Exercise requirements:
Work out how many lines of the material contain the string "with"; the answer is that number only.
Top of The input
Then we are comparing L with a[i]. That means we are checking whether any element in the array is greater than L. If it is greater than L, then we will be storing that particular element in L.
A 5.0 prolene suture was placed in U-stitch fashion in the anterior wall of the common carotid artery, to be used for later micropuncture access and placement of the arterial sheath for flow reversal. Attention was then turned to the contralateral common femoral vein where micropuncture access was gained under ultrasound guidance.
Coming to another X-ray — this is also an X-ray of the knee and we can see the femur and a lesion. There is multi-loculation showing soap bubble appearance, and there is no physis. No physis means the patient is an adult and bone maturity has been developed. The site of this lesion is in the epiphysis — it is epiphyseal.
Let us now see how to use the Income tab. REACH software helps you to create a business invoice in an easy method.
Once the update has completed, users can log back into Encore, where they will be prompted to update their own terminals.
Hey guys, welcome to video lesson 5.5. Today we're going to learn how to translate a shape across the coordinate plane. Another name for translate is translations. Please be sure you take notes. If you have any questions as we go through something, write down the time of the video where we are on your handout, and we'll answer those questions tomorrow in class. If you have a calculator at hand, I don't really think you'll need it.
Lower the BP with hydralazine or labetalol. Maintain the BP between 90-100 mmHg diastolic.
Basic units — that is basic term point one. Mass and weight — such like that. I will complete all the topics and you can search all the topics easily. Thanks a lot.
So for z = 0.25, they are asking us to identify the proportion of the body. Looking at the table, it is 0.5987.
Bottom of The input
Top of The input
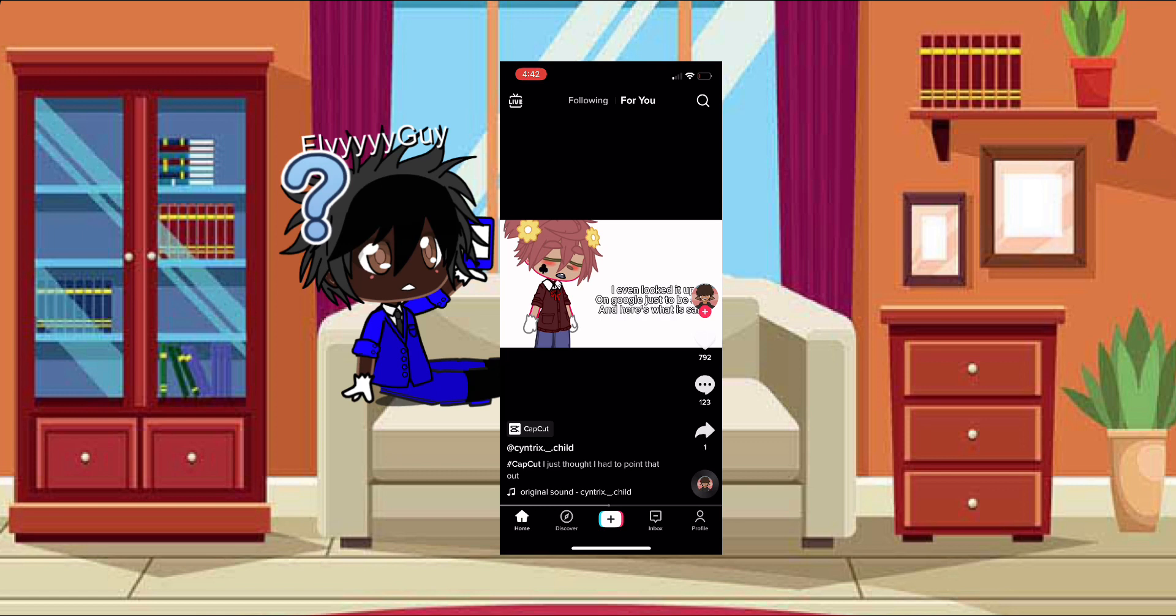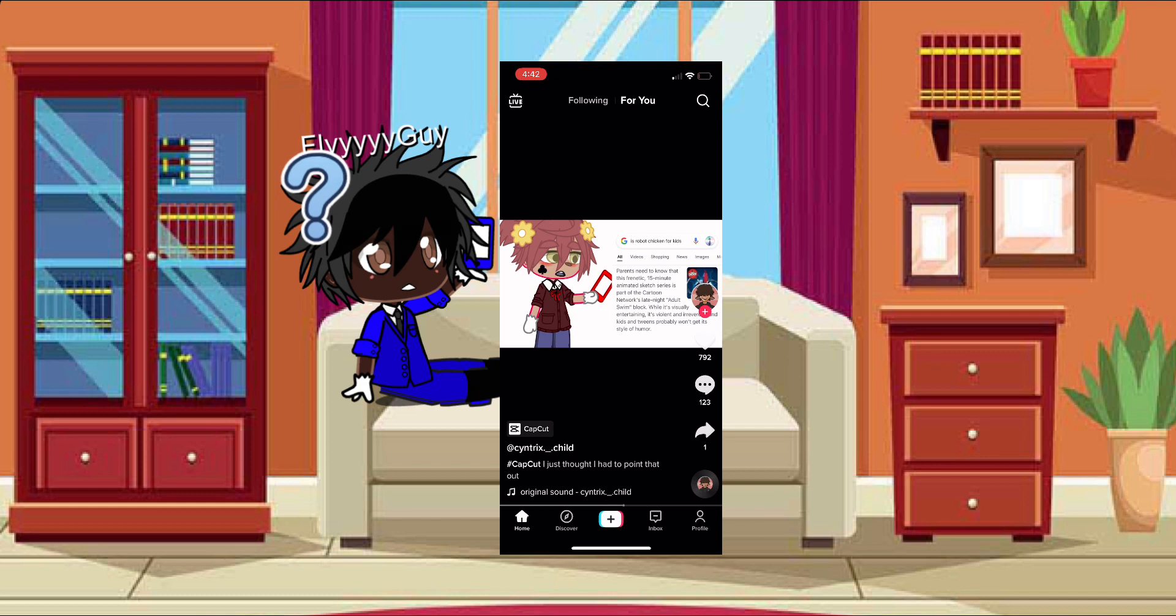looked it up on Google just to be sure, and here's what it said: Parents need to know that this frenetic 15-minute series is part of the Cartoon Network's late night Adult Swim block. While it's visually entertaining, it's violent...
Bottom of The input
Answer to this exercise:
2